A strip of land 600 feet wide and seven-eighths of a mile long, between Fifty-ninth and Sixtieth streets, containing 80 acres, connecting Jackson and Washington Parks. In this section are located many of the amusement attractions outside the main exhibition buildings, all of them being private concessions
Picturesque World’s Fair, An Elaborate Collection of Colored Views—Published with the Endorsement and Approval of George R. Davis, 1894
A VIEW IN MIDWAY PLAISANCE.—A city in itself was the Midway, picturesque certainly, and educational as well, however meretricious some of its droll features. It was the playground of the multitude and they learned much while they ate, drank, stared and were merry. The view above presented is from a point about the center of the west half of the Plaisance and a little west of the Ferris Wheel. On the right appear the fronts of Old Vienna and on the left the entrance to the Chinese Village and Theatre, the difference in styles of architecture affording a striking contrast. Still further on the left rises the front of the panorama of the volcano of Kilaueau, and in the remote distance may be dimly perceived the domes of the great buildings of the Exposition proper. The particular locality represented in this illustration was one exceedingly popular with visitors, and the number of people appearing in the broad thoroughfare at the time the photograph was taken is by no means up to the standard of crowded days at the Fair. The three or four attractions here grouped together always commanded their laughing great constituency. From Pekin to Vienna is a far cry, and from thence into space on the wings of an American inventor is another remarkable bit of travel, but hundreds of thousands of people made the journey within the limit of an hour or so. The view, it need not be said to the observer, is an admirable one, the familiar fronts being reproduced with a fidelity which speaks for itself.
This scene shows the Plaisance before the Captive Balloon was torn by the gale and collapsed in the financial panic.

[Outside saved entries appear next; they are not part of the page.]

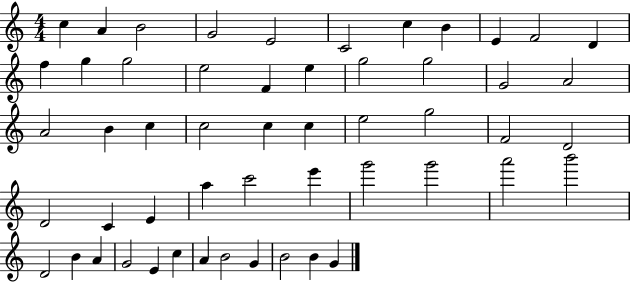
{
  \clef treble
  \numericTimeSignature
  \time 4/4
  \key c \major
  c''4 a'4 b'2 | g'2 e'2 | c'2 c''4 b'4 | e'4 f'2 d'4 | \break f''4 g''4 g''2 | e''2 f'4 e''4 | g''2 g''2 | g'2 a'2 | \break a'2 b'4 c''4 | c''2 c''4 c''4 | e''2 g''2 | f'2 d'2 | \break d'2 c'4 e'4 | a''4 c'''2 e'''4 | g'''2 g'''2 | a'''2 b'''2 | \break d'2 b'4 a'4 | g'2 e'4 c''4 | a'4 b'2 g'4 | b'2 b'4 g'4 | \break \bar "|."
} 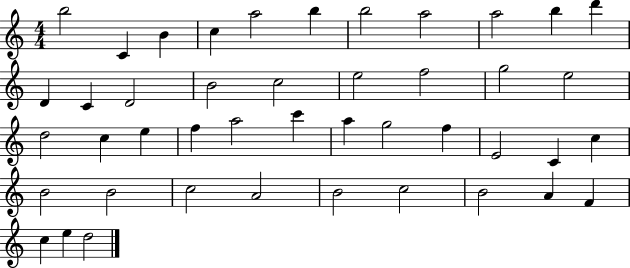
B5/h C4/q B4/q C5/q A5/h B5/q B5/h A5/h A5/h B5/q D6/q D4/q C4/q D4/h B4/h C5/h E5/h F5/h G5/h E5/h D5/h C5/q E5/q F5/q A5/h C6/q A5/q G5/h F5/q E4/h C4/q C5/q B4/h B4/h C5/h A4/h B4/h C5/h B4/h A4/q F4/q C5/q E5/q D5/h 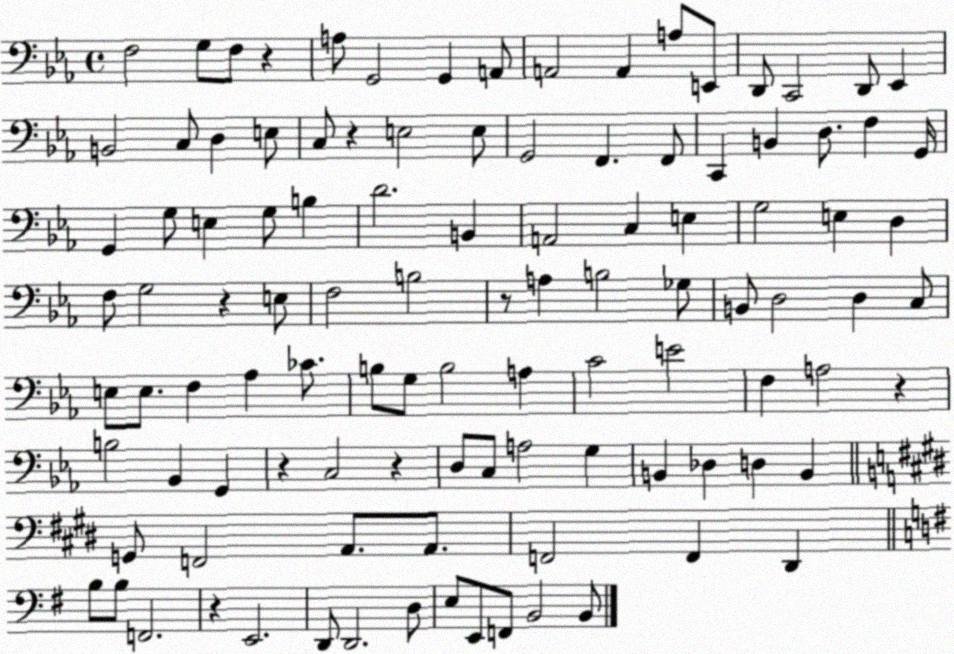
X:1
T:Untitled
M:4/4
L:1/4
K:Eb
F,2 G,/2 F,/2 z A,/2 G,,2 G,, A,,/2 A,,2 A,, A,/2 E,,/2 D,,/2 C,,2 D,,/2 _E,, B,,2 C,/2 D, E,/2 C,/2 z E,2 E,/2 G,,2 F,, F,,/2 C,, B,, D,/2 F, G,,/4 G,, G,/2 E, G,/2 B, D2 B,, A,,2 C, E, G,2 E, D, F,/2 G,2 z E,/2 F,2 B,2 z/2 A, B,2 _G,/2 B,,/2 D,2 D, C,/2 E,/2 E,/2 F, _A, _C/2 B,/2 G,/2 B,2 A, C2 E2 F, A,2 z B,2 _B,, G,, z C,2 z D,/2 C,/2 A,2 G, B,, _D, D, B,, G,,/2 F,,2 A,,/2 A,,/2 F,,2 F,, ^D,, B,/2 B,/2 F,,2 z E,,2 D,,/2 D,,2 D,/2 E,/2 E,,/2 F,,/2 B,,2 B,,/2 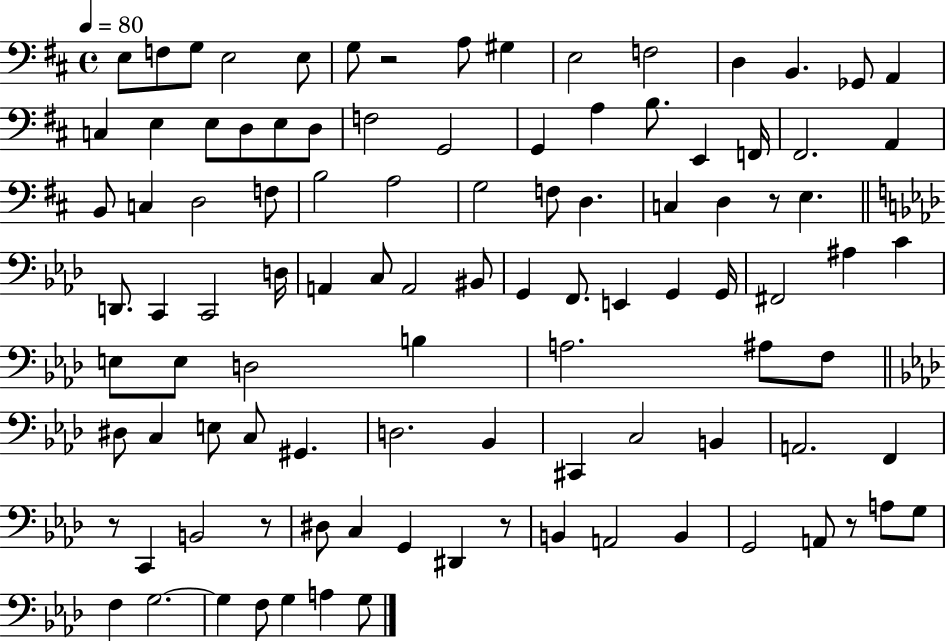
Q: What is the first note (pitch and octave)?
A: E3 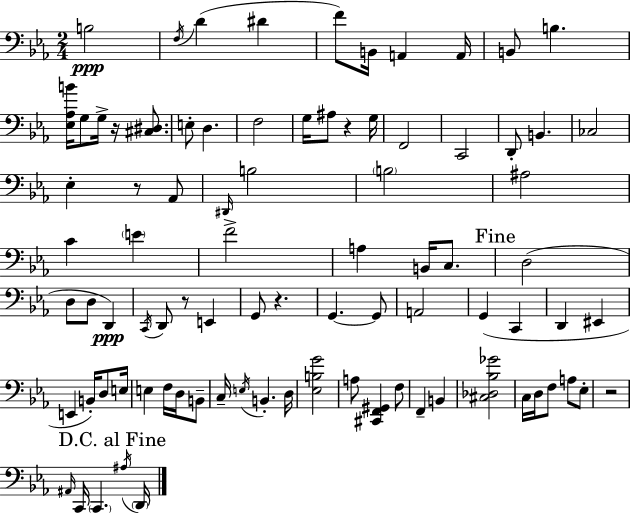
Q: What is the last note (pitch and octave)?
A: D2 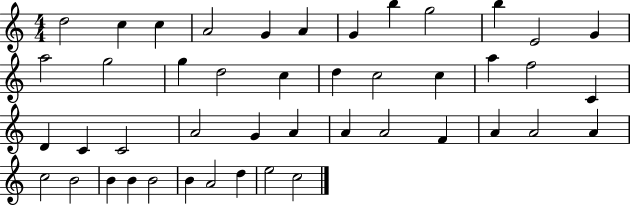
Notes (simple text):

D5/h C5/q C5/q A4/h G4/q A4/q G4/q B5/q G5/h B5/q E4/h G4/q A5/h G5/h G5/q D5/h C5/q D5/q C5/h C5/q A5/q F5/h C4/q D4/q C4/q C4/h A4/h G4/q A4/q A4/q A4/h F4/q A4/q A4/h A4/q C5/h B4/h B4/q B4/q B4/h B4/q A4/h D5/q E5/h C5/h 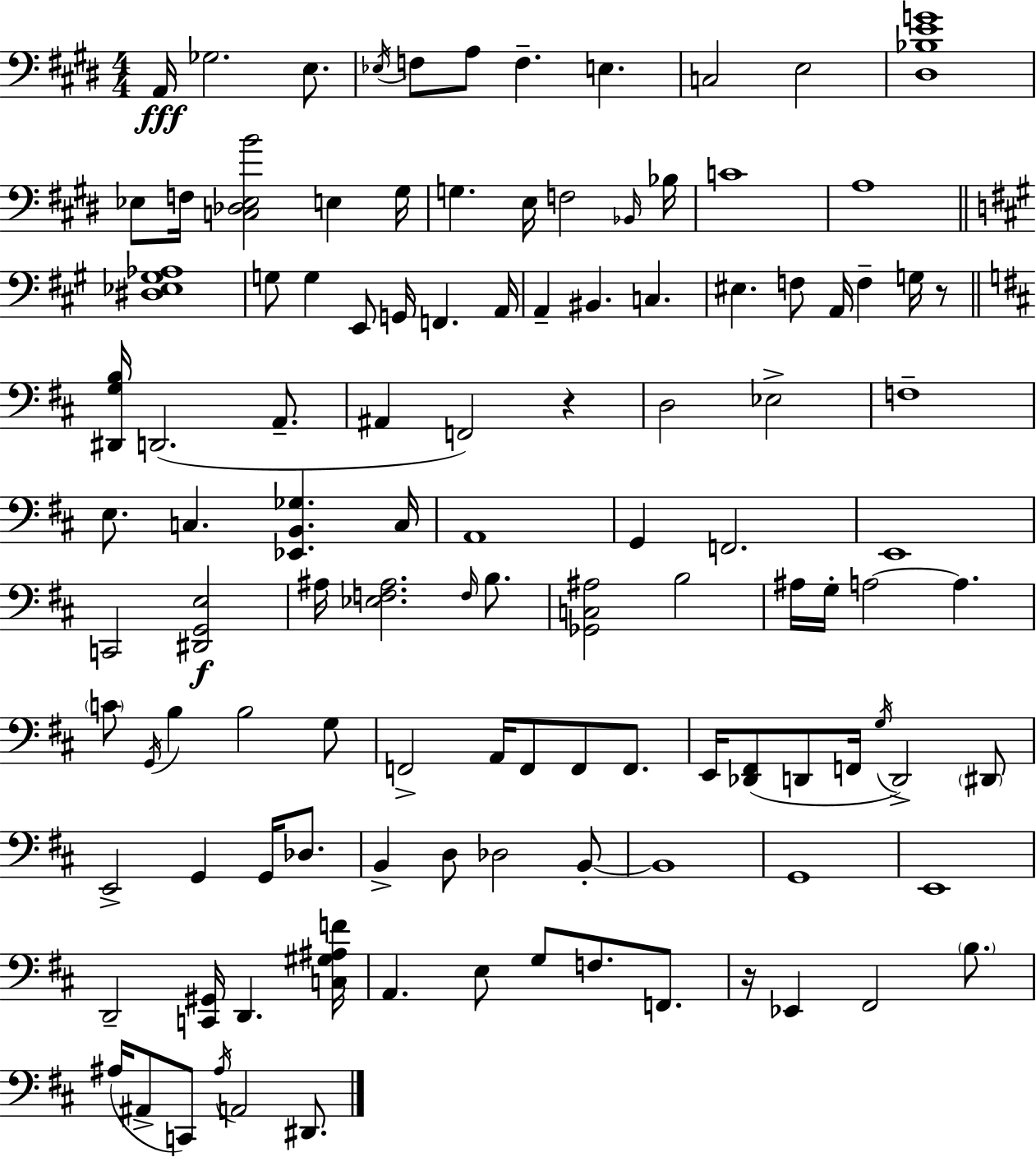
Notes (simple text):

A2/s Gb3/h. E3/e. Eb3/s F3/e A3/e F3/q. E3/q. C3/h E3/h [D#3,Bb3,E4,G4]/w Eb3/e F3/s [C3,Db3,Eb3,B4]/h E3/q G#3/s G3/q. E3/s F3/h Bb2/s Bb3/s C4/w A3/w [D#3,Eb3,G#3,Ab3]/w G3/e G3/q E2/e G2/s F2/q. A2/s A2/q BIS2/q. C3/q. EIS3/q. F3/e A2/s F3/q G3/s R/e [D#2,G3,B3]/s D2/h. A2/e. A#2/q F2/h R/q D3/h Eb3/h F3/w E3/e. C3/q. [Eb2,B2,Gb3]/q. C3/s A2/w G2/q F2/h. E2/w C2/h [D#2,G2,E3]/h A#3/s [Eb3,F3,A#3]/h. F3/s B3/e. [Gb2,C3,A#3]/h B3/h A#3/s G3/s A3/h A3/q. C4/e G2/s B3/q B3/h G3/e F2/h A2/s F2/e F2/e F2/e. E2/s [Db2,F#2]/e D2/e F2/s G3/s D2/h D#2/e E2/h G2/q G2/s Db3/e. B2/q D3/e Db3/h B2/e B2/w G2/w E2/w D2/h [C2,G#2]/s D2/q. [C3,G#3,A#3,F4]/s A2/q. E3/e G3/e F3/e. F2/e. R/s Eb2/q F#2/h B3/e. A#3/s A#2/e C2/e A#3/s A2/h D#2/e.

This Midway entrance was one mile west of Jackson Park. After the collapse of the Captive Balloon the Exposition itself gave public acrobatic exhibitions at this end, where tens of thousands might freely behold acts on the trapeze and cross-bars.
The mile long Midway Plaisance, ran from the eastern edge of Washington Park on Cottage Grove Avenue, to the western edge of Jackson Park on Stony Island Avenue.